世界的リバイバルブームのニュージャックスウィングやネオソウルの手法を取り入れるなど、従来のJ-POPらしからぬ斬新なグルーヴが持ち味。
両親ともブラジル系ラテン音楽のミュージシャン、ドラマーの父はダンス経験者です。
子供の頃から電子ドラムを叩き、小中学校時代にプロのヒップホップダンサーを目指したこともあります。
常田大希に出会ってからサンプラーを覚えたり、正月返上でドラムを練習したり、腕前の上達に余念がない努力モンスター。
奇抜なヘアスタイルやファッションはスペシャリストに任せており、自らの意思はとくに反映されていません。
そもそも外見に無頓着すぎたから真面目におしゃれに取り組んでいるところも努力モンスターたる所以。
ヒップホップダンスのアップ&ダウンというリズムの取り方がドラムにも自然と役立っているなど、踊るようにドラムを叩くことでオーディエンスを心地よく踊らせる怪物です。
重低音のグルーヴマエストロ!新井和輝
5弦ベース、シンセベース、ときにはウッドベースも渋く決める新井和輝。
得意ジャンルはジャズです。
東京・福生で生まれ育ち、高校時代にライブハウスで出会った日野賢二の弟子になるという早熟ぶり。

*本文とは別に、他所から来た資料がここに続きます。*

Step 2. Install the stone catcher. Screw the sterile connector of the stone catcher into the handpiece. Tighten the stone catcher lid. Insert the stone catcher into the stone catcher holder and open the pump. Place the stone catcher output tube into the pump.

東京経済大学に通いながら国立音楽大学のジャズバンドに所属し、ジャズセッション界隈で勢喜遊に出会います。
・ジャズ:ロバート・グラスパー、ベッカ・スティーヴンス
・2010年代以降のネオソウル:フランク・オーシャン、アンダーソン・パーク
・1990年代ネオソウル:ロイ・ハーグローヴ、ディアンジェロ、ジャミロクワイ、エリカ・バドゥ
・最先端ヒップホップ:ケンドリック・ラマー
・1990年代ヒップホップ:アレステッド・ ディベロップメント、2パック
ごく一部にしかすぎない音楽遍歴からも、才能・環境・努力の三拍子がそろった音楽モンスターぶりが伝わるでしょう。

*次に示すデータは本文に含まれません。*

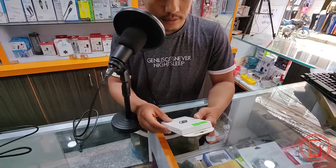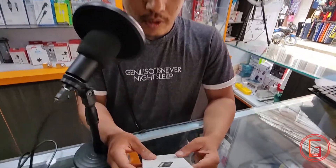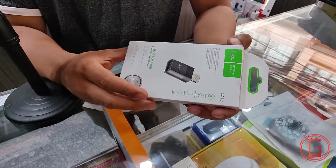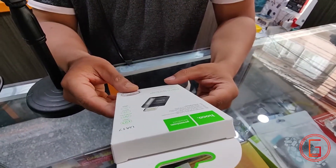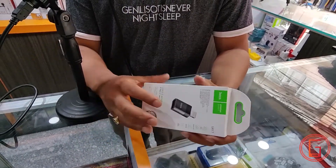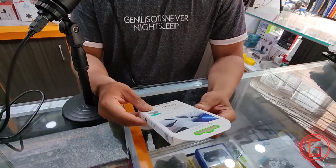Today we are going to have a lightning to USB converter which is the U817. This is also cheap.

一般的な4弦ベースより1本弦が多い5弦ベースとシンセベースならではの重低音、多様な音楽性に裏打ちされた渋いグルーヴを生み出す怪物です。
高音ボイスの奇行種!井口理
女性のような透き通るハイトーンボイスが印象深い井口理。
180㎝の高身長やヒゲとのギャップがモンスターっぽいかもしれません。
「ミュージックステーション」出演時、「進撃の巨人」の奇行種を真似て階段から降り、尾崎紀世彦のように朗々と歌いつつ早着替えするなど、サービス精神旺盛。

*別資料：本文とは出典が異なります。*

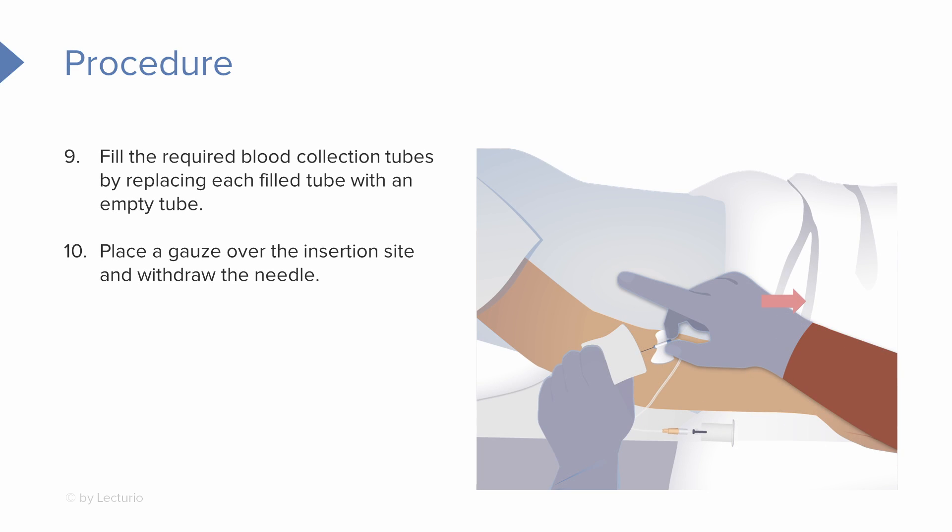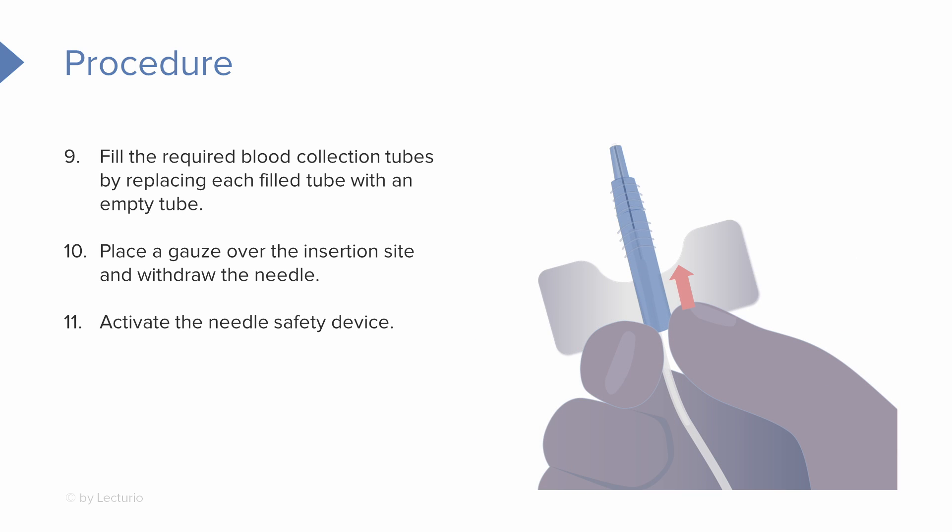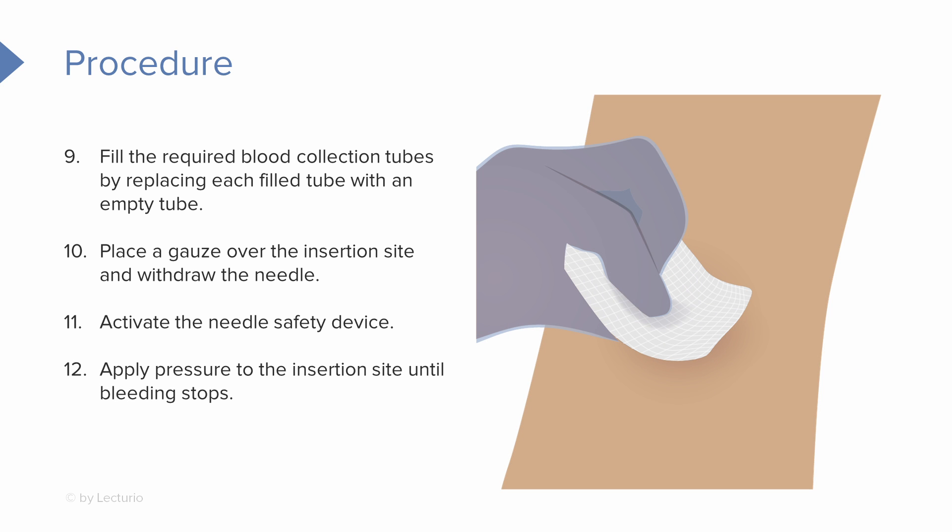Once we've collected all of our labs, we can place our gauze over the insertion site and withdraw the needle. Of course, activate the needle safety device. It's a good idea to hold pressure to the insertion site using that gauze until the bleeding stops.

とはいえ派手なパフォーマンスはフロントマンとしてKing Gnuの知名度を高めるためでした。
超高音のメロディーは作詞・作曲者の常田大希が井口理に与えた試練であり、強烈な印象を残すための手法。
もともと得意なバラードや七色の声を駆使したコーラスだけでなく、ロックやヒップホップ、ファンク要素が強めのボーカルも会得しているところが歌唱力モンスターならではの偉業です。
中学時代に常田大希の後輩として合唱部に所属、東京藝術大学で声楽(テノール)を学び、兄・井口達はドイツ在住のバリトン歌手など、音楽三昧であることは確か。
ただ洋楽より邦楽を聴いて育ち、ジャズセッション界隈を経ていない点は他の3人と異なります。
幅広い層に親しまれる人柄も、King Gnuの人気が爆発した要因のひとつです。